Description
Situated in the Indian Ocean, Madagascar represents a unique cultural crossroads of African and Indonesian heritage. This brilliantly hued and gorgeously patterned work captures the finest qualities of the island's most distinctive form of expression, the silk textiles produced by Merina highlanders since precolonial times.
Merina weavers use a technique known as akotyfahna, produced on a horizontal, fixed heddle loom with a continuous weft and warp. A second heddle produces supplementary floating-weft patterns, such as the abstract bird and vegetal motifs featured in this composition. Dyed silk was purchased from Arab and Indian traders until sericulture was introduced on the island in the early nineteenth century.
Akotyfahna textiles were worn by the Merina monarchy and nobility as lamba, or mantles draped on the body as a form of toga.
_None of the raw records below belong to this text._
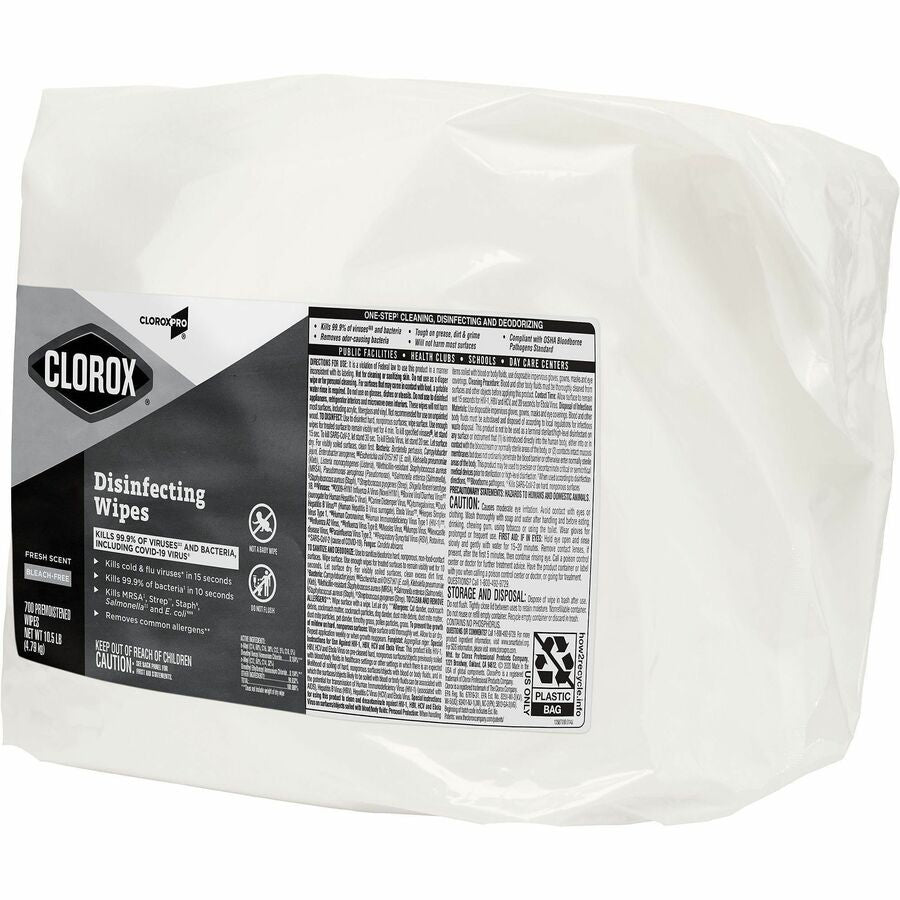 Image of CloroxPro™ 31428 Disinfecting Wipes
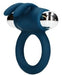 Cockring Vibrant Rabbit Baltic 35 mm Bleu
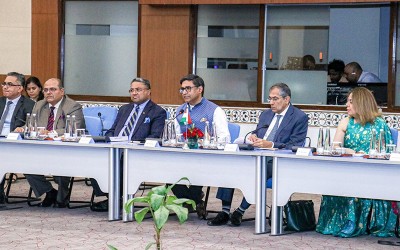 India, EU officials discuss cooperation across diverse sectors, including defence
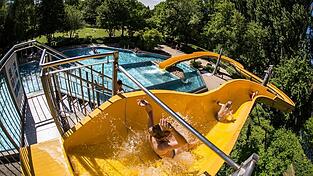 Am Wochenende starten die Regensburger B&auml;der in die Freibadsaison.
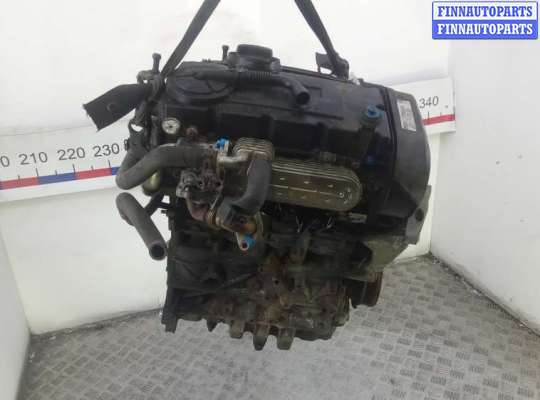 купить двигатель дизельный на VOLKSWAGEN PASSAT B6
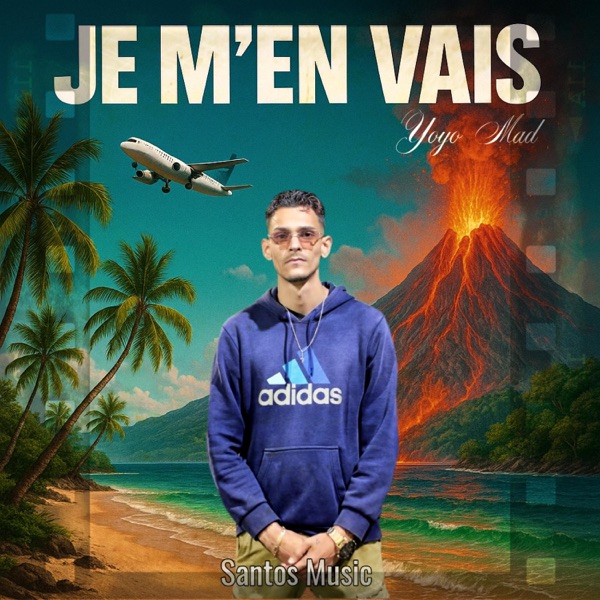 Je m'en vais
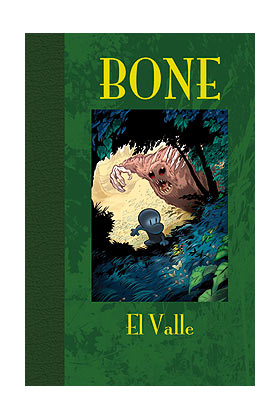 BONE 1 (EDICIÓN DE LUJO)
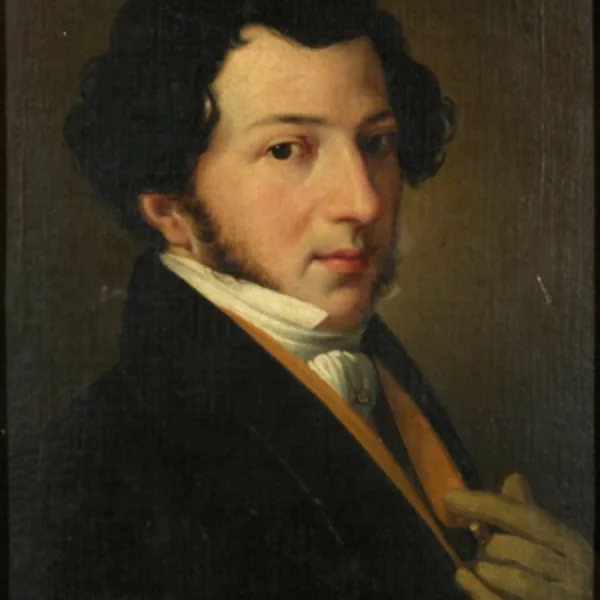 Gioachino Rossini piano sheet hero image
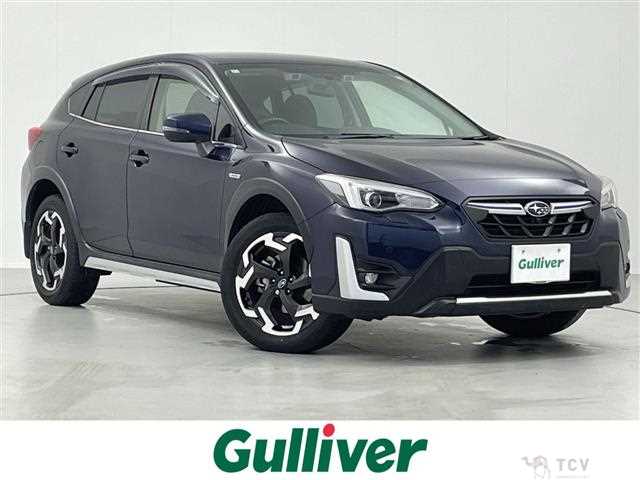 2020 Subaru IMPREZA XV HYBRID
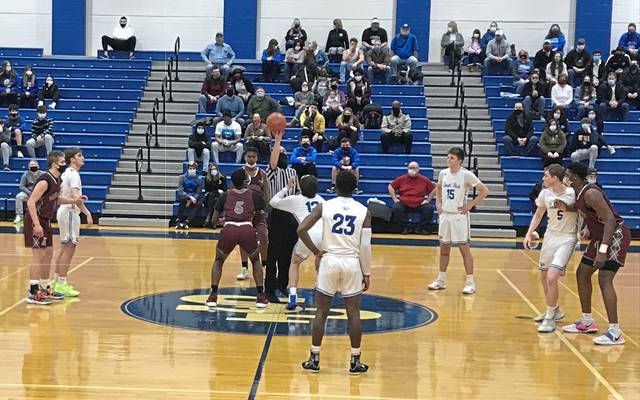 South Park boys see big lead threatened before pulling away from Ambridge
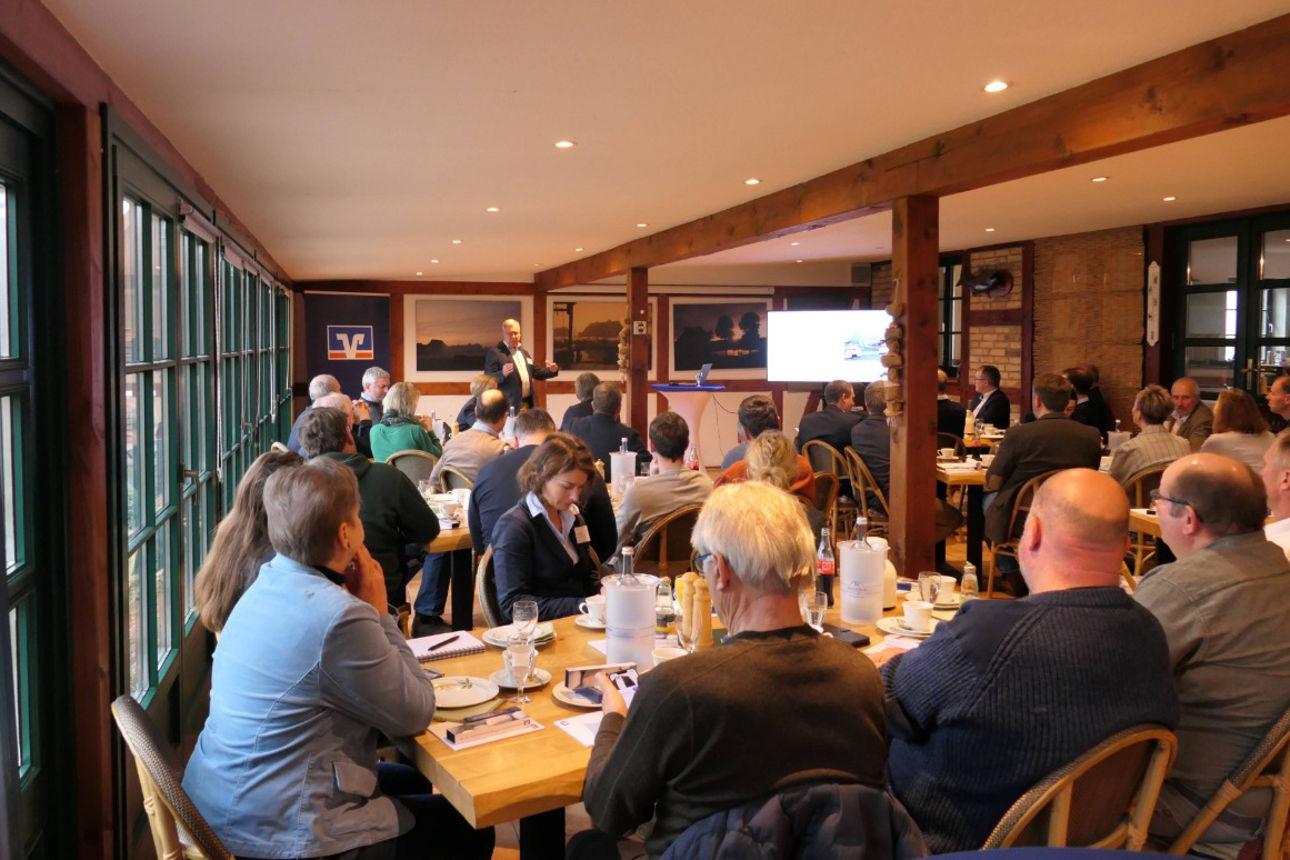 Agrar-Frühstück 2025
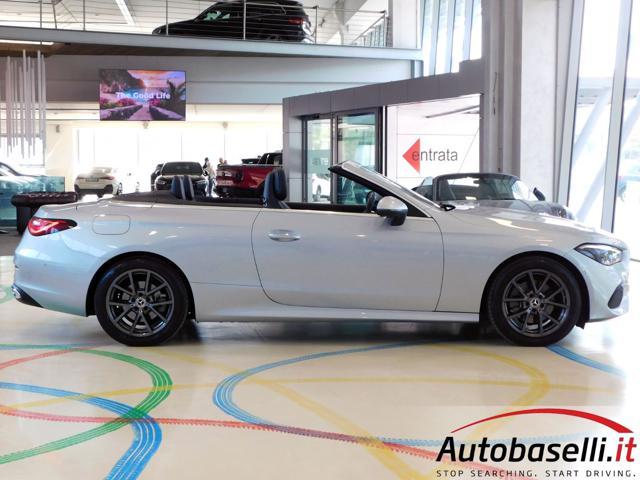 MERCEDES-BENZ CLE 220 D CABRIO MHEV ADVANCED 197CV EURO 6E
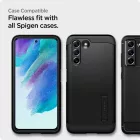 Samsung Galaxy S21 FE Kijelzővédő Üvegfólia - Spigen Glas.tR AlignMaster x 2 db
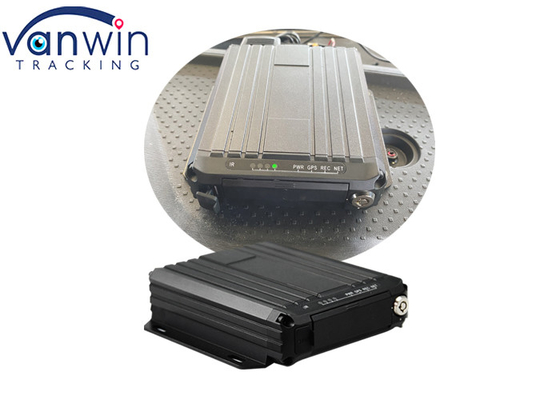 1080P 4 Channel AHD dual SD MDVR mobile vehicle dvr system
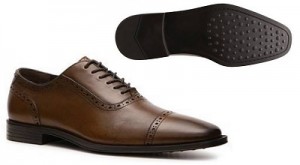 Fear no rubber sole
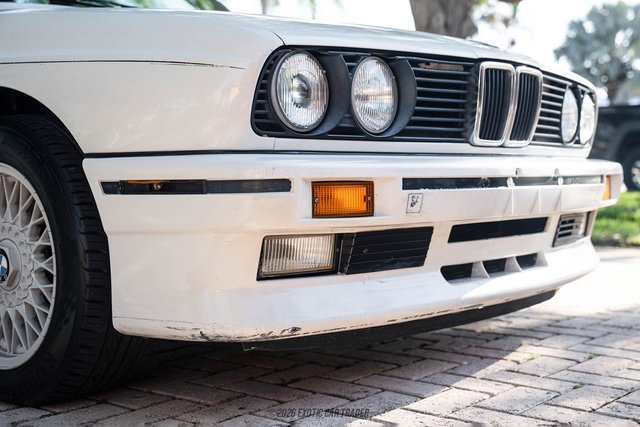 Used 1988 BMW M3 Coupe image 62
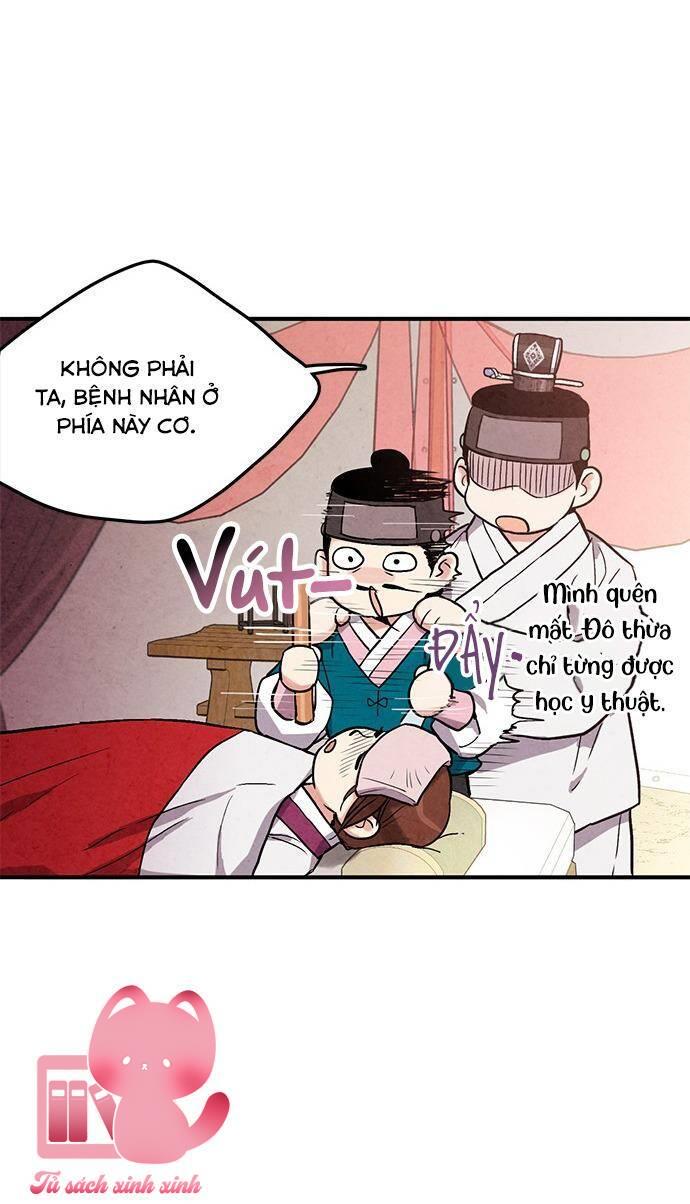 Lệnh Cấm Hôn - Chap 32 - Trang 49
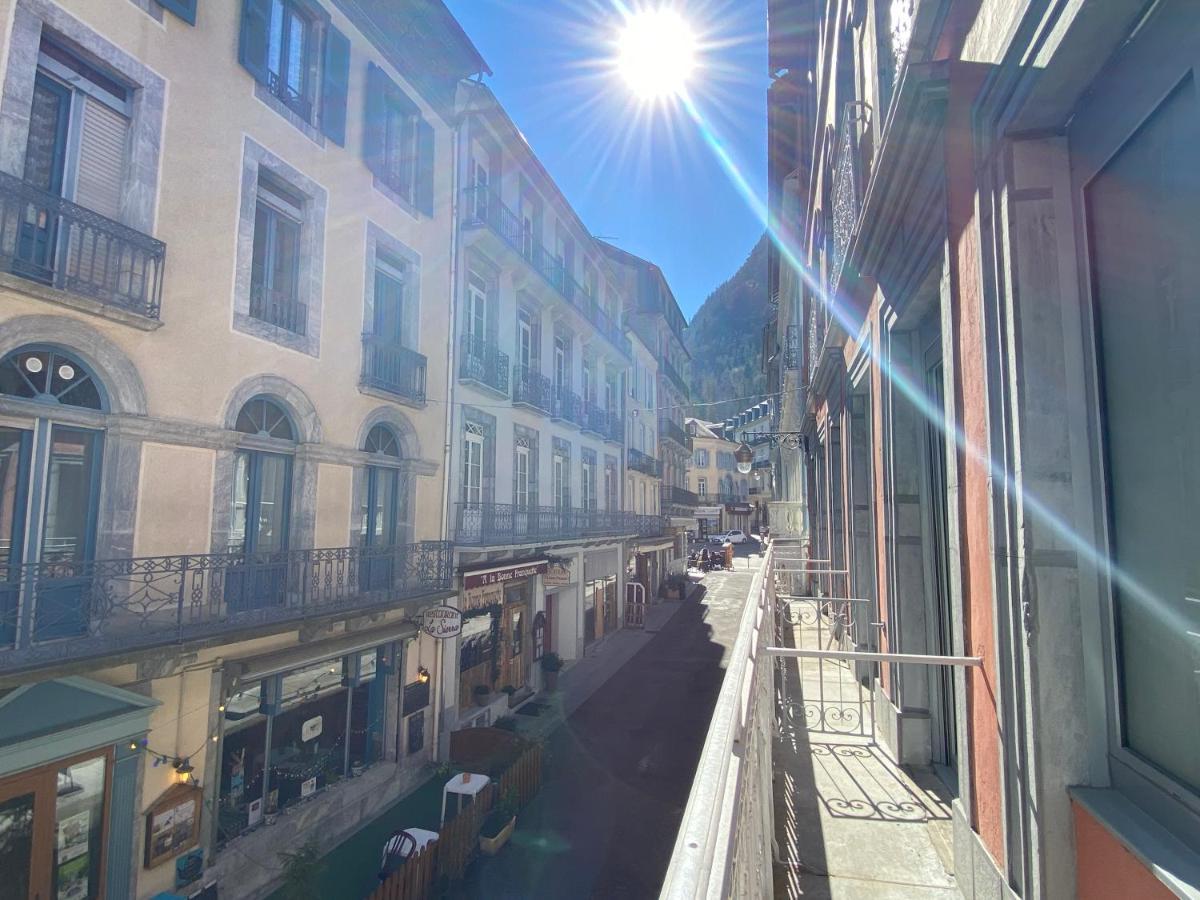 Plein Centre, T3 5P Totalement Renove 55M2. Wifi Apartment Cauterets Exterior photo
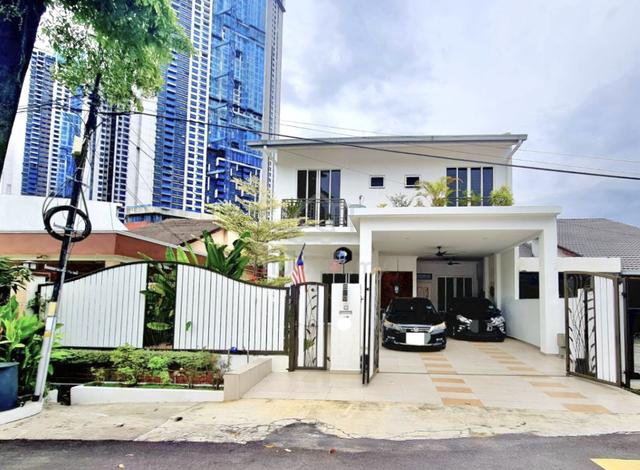 (LUAS+RENO) Semi-D Taman Keramat AU2, Keramat Kuala Lumpur 1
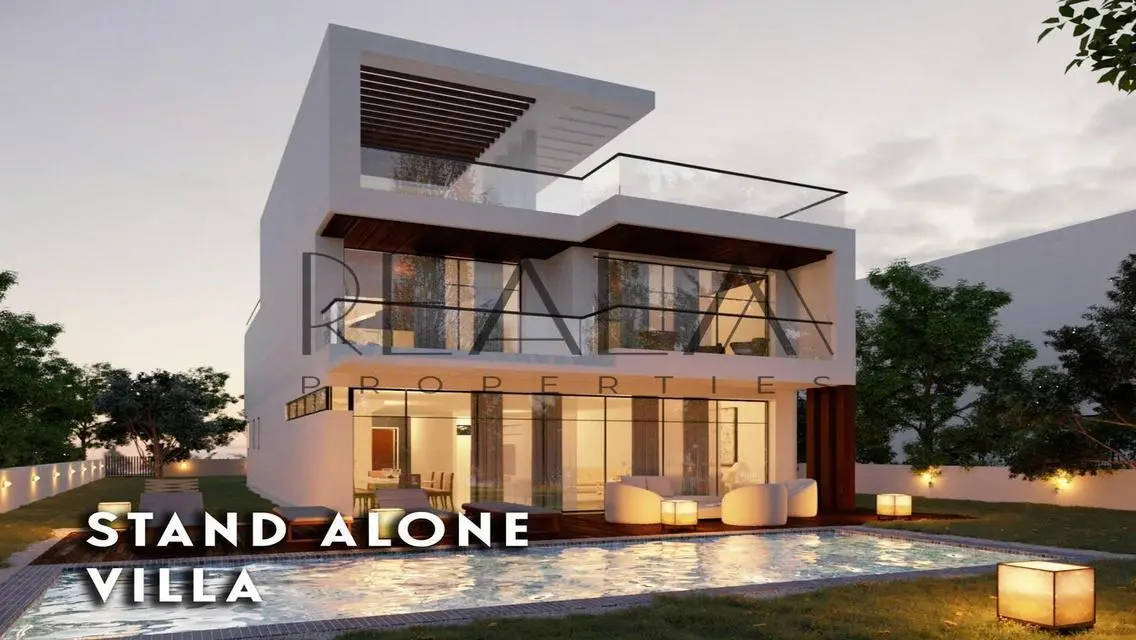 Luxury Villa for Sale in a Prime Location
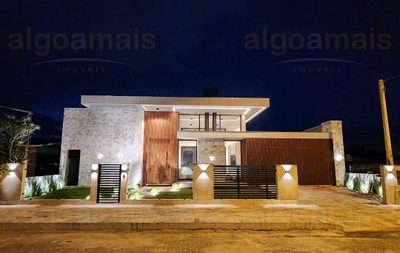 Casa, 4 quartos, 260 m² - Foto 2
Other important historical contexts for lavish works of this kind were the splendid funerary shrouds placed in royal burials. Their value and prestige were such that they were also given as official presents to foreign visiting ambassadors or sent to foreign heads of state.
During the second half of the nineteenth century, indigenous weaving was almost abandoned as less costly textiles of European manufacture were increasingly imported. A contemporary revival, this extraordinary work was created by the Imerina master Martin Rakotoarimanana.